District judge nominees announced for Clark, Madison counties
FRANKFORT – The Judicial Nominating Commission, led by Chief Justice of Kentucky John D. Minton Jr., today announced nominees to fill the vacant District Court judgeship that serves Clark and Madison counties. The counties make up the 25th Judicial District and the vacancy is in the district’s Division 2.
The three nominees for the judgeship are attorneys Kristen Jane Clouse, Robert Vincent Jennings and Moriah Lloyd Tussey, all of Richmond. Each received their juris doctor from the University of Kentucky J. David Rosenberg College of Law.
Clouse serves as an assistant county prosecutor for the Madison County Attorney’s Office and as an assistant state prosecutor for the commonwealth’s attorney office for Estill, Lee and Owsley counties.
Jennings is a general practitioner in the law firm he founded in Richmond.
Tussey serves as an attorney with the Administrative Office of the Courts, the administrative arm of the state court system.
The judicial seat became vacant when Judge Cole Adams Maier was appointed as a Circuit Court judge for Clark and Madison counties effective May 31.
District Court judges handle juvenile matters, city and county ordinances, misdemeanors, violations, traffic offenses, probate of wills, arraignments, felony probable cause hearings, small claims involving $2,500 or less, civil cases involving $5,000 or less, voluntary and involuntary mental commitments and cases relating to domestic violence and abuse.
The Judicial Nominating Commission helps fill judicial vacancies by appointment when a vacancy occurs outside of the election cycle.
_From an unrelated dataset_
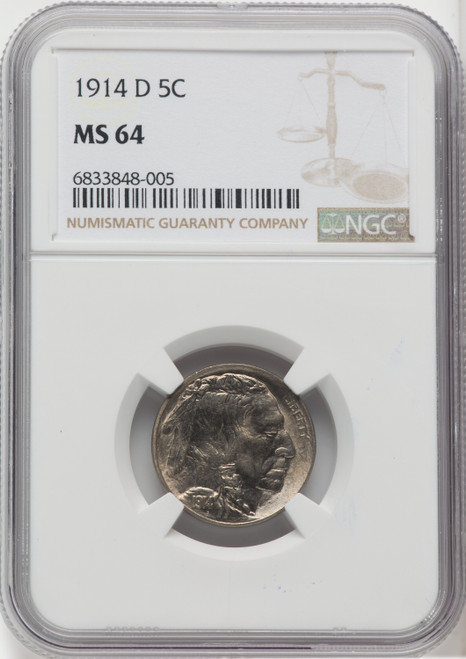 1914-D 5C Buffalo Nickel NGC MS64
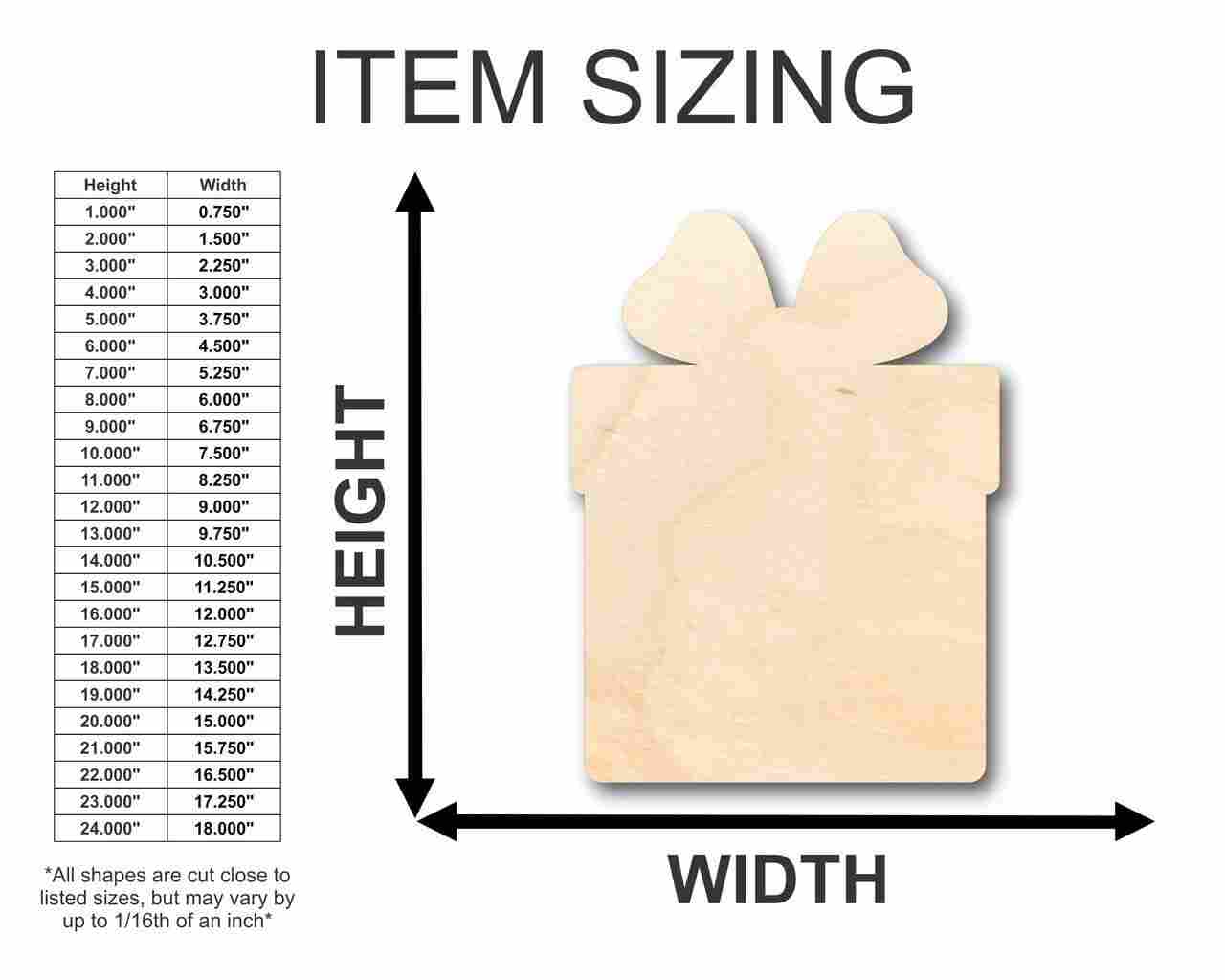 Unfinished Wooden Present Gift Shape - Christmas - Birthday - Craft - up to 24" DIY-24 Hour Crafts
The Kentucky Constitution established the JNC. Ky. Const. § 118; SCR 6.000, et seq.
When a judicial vacancy occurs, the executive secretary of the JNC publishes a notice of vacancy in the judicial circuit or the judicial district affected. Attorneys may recommend someone or nominate themselves. The names of the applicants are not released. Once nominations occur, the individuals interested in the position return a questionnaire to the Office of the Chief Justice. Chief Justice Minton then meets with the Judicial Nominating Commission to choose three nominees. Because the Kentucky Constitution requires that three names be submitted to the governor, in some cases the commission submits an attorney’s name even though the attorney did not apply. A letter naming the three nominees is sent to the governor for review. The governor has 60 days to appoint a replacement and his office makes the announcement.
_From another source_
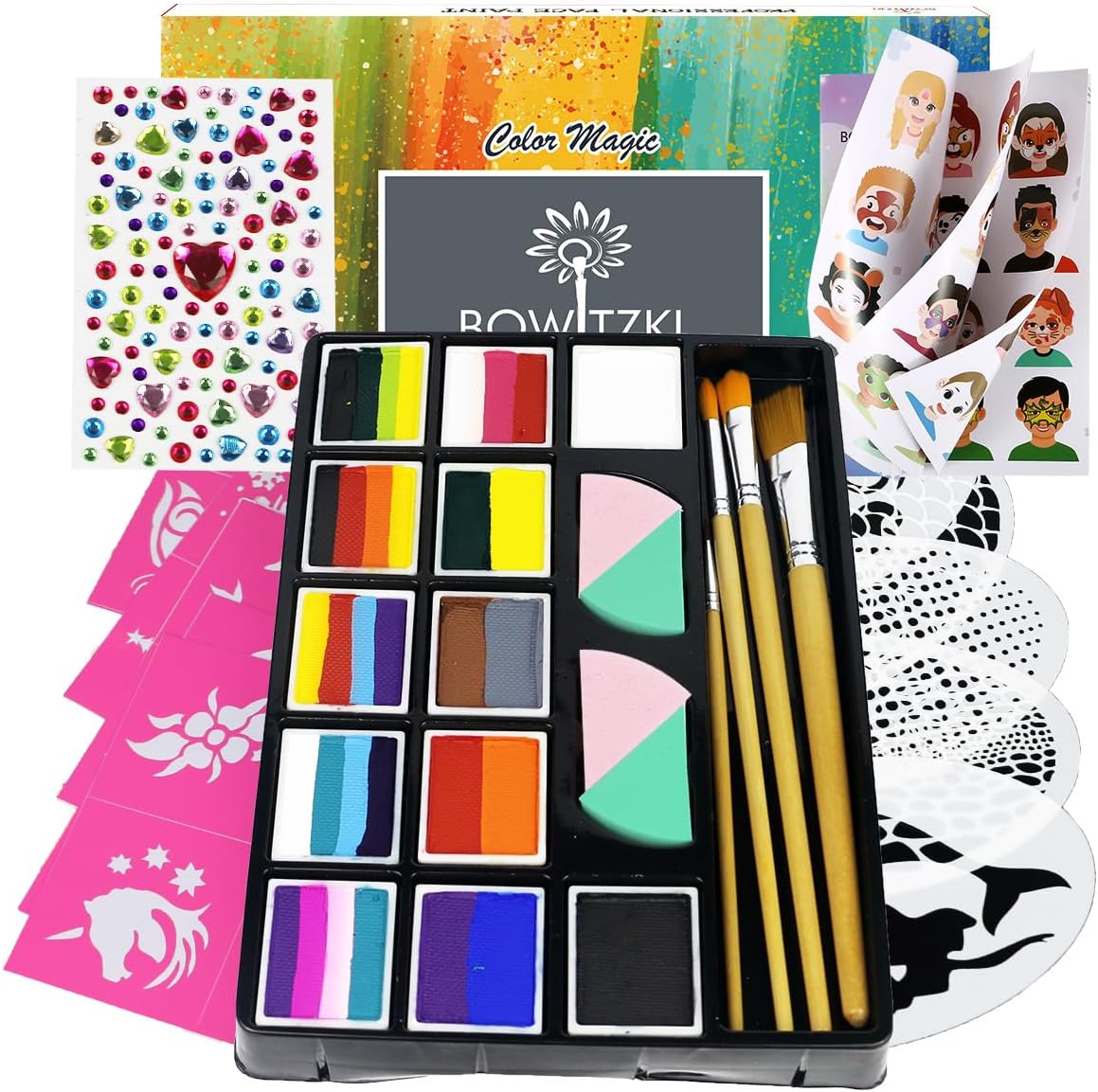 Bowitzki Professional Face Painting Kit For Kids Adults12 x 10gm Face Paint Set Stencil One Stroke Split Cakes Palette Non Toxic Rainbow Flora Unicorn Body Paint Makeup Halloween Christmas Jewels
The commission has seven members. The membership is comprised of the chief justice of Kentucky (who also serves as chair), two lawyers elected by all the lawyers in their circuit/district and four Kentucky citizens who are appointed by the governor. The four citizens appointed by the governor must equally represent the two major political parties, so two must be Democrats and two must be Republicans. It is the responsibility of the commission to submit a list of three names to the governor and the governor must appoint a judge from this list of three.
Administrative Office of the Courts
The Administrative Office of the Courts in Frankfort is the operations arm for the state court system. The AOC supports the activities of nearly 3,400 court system employees and 406 elected justices, judges and circuit court clerks. As the fiscal agent for the state court system, the AOC executes the Judicial Branch budget.